As Duval School Board meets over bad teachers, is Superintendent Diana Greene’s job safe?
Florida Times-Union | By Steve Patterson | April 25, 2023
Days before a Wednesday meeting about a legal review of teacher misconduct at Douglas Anderson School of the Arts, a crowd rallied to protect the job of Superintendent Diana Greene.
Should the two subjects have anything to do with each other, anyway?
The question holds extra meaning after repeated friction between Duval County schools and state education administrators ultimately accountable to Gov. Ron DeSantis and appointees his office approves.
Greene’s employment isn’t on the School Board’s Wednesday 1 p.m. meeting agenda.
But a year of turnover among Florida superintendents has made it easier for school-watchers to appreciate political risks to the woman overseeing Duval County’s system of 129,000 students and 7,354 teachers.
“Greene has endured constant scrutiny by state officials looking for anything to get rid of her just like so many others that don’t bend to their will,” former School Board member Elizabeth Andersen wrote on Twitter last week. Nine of the 29 Florida superintendents who, like Greene, were appointed instead of elected have resigned or been replaced since November, the Treasure Coast Newspapers reported.

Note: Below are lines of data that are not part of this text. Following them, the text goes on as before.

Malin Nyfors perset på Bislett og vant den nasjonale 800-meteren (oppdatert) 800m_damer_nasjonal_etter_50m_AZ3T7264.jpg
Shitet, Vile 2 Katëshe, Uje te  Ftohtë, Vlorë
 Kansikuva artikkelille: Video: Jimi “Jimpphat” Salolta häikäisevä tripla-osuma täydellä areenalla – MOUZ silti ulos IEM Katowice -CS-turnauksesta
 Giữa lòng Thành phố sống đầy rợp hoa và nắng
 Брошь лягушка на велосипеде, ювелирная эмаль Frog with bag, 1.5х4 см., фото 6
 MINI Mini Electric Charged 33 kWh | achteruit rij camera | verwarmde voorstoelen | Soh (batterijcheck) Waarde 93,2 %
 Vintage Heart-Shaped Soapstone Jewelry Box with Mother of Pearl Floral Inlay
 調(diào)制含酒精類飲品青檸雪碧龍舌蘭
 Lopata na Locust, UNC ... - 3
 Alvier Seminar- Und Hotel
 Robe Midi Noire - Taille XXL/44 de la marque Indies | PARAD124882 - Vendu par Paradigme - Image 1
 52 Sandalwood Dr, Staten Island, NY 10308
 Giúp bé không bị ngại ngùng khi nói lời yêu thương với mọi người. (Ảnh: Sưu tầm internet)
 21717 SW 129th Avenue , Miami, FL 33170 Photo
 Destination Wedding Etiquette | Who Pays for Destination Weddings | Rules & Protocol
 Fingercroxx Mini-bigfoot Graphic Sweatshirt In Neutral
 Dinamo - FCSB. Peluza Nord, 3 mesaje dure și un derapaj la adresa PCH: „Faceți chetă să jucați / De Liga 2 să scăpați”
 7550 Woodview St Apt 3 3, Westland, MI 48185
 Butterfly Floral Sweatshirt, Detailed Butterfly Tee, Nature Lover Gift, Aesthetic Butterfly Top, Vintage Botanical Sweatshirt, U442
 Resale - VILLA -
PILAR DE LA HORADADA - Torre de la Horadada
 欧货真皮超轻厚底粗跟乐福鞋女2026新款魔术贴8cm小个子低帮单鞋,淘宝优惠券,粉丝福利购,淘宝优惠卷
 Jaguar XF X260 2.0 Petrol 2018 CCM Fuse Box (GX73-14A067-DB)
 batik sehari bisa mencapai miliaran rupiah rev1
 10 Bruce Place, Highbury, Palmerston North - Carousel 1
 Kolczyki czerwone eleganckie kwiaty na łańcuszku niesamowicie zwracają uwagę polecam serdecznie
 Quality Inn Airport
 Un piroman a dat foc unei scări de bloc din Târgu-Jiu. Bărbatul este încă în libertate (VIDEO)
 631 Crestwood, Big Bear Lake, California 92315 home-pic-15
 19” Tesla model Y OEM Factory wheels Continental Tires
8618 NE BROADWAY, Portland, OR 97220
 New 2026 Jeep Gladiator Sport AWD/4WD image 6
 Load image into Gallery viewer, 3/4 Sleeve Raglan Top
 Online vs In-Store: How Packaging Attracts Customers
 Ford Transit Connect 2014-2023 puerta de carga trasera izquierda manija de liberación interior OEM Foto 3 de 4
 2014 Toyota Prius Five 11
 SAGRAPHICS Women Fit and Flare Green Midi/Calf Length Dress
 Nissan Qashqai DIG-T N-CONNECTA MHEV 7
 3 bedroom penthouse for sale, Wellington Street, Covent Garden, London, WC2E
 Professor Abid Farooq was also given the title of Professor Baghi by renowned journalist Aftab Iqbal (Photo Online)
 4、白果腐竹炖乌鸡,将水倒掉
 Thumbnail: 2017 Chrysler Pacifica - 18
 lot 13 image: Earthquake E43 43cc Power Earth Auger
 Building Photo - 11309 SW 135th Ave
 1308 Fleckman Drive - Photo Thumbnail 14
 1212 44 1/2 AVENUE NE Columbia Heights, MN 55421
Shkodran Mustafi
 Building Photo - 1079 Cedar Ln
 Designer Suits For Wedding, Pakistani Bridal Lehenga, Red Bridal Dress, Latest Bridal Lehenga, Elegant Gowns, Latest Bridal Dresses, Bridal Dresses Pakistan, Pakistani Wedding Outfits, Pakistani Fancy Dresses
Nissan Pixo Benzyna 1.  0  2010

Greene “has tried to accommodate them,” Andersen tweeted about state officials, “but it was only a matter of time before they found a way to force her out.”
A Democratic lawmaker blamed partisan politics for putting Greene’s job future in doubt.
“I fully believe this is a partisan witch hunt with a Republican school board and Republican-led Department of Education to target one of the last stronghold Democratic superintendents in the state,” state Sen. Tracie Davis, D-Jacksonville, said in a statement emailed to reporters.
But School Board Chair Kelly Coker talked about the approaching meeting as simply a step toward ensuring student safety.
“As a board, we are committed to hiring third-party counsel to complete an independent investigation of the events that led to the recent arrest of Jeffrey Clayton,” Coker said in an email routed through a school district spokesman.
“The Douglas Anderson community and our community-at-large deserve our commitment to and focus on ensuring the safety and well-being of the students that attend Duval County Public Schools. Our meeting on Wednesday will move us closer to that goal,” Coker wrote.
Clayton, a 65-year-old music teacher with a long history of coaching singers, was charged last month with lewd conduct with a student, a felony.
That jolt was compounded by unrelated reviews of other faculty and the disclosure last week of earlier complaints involving Clayton, most recently in 2021.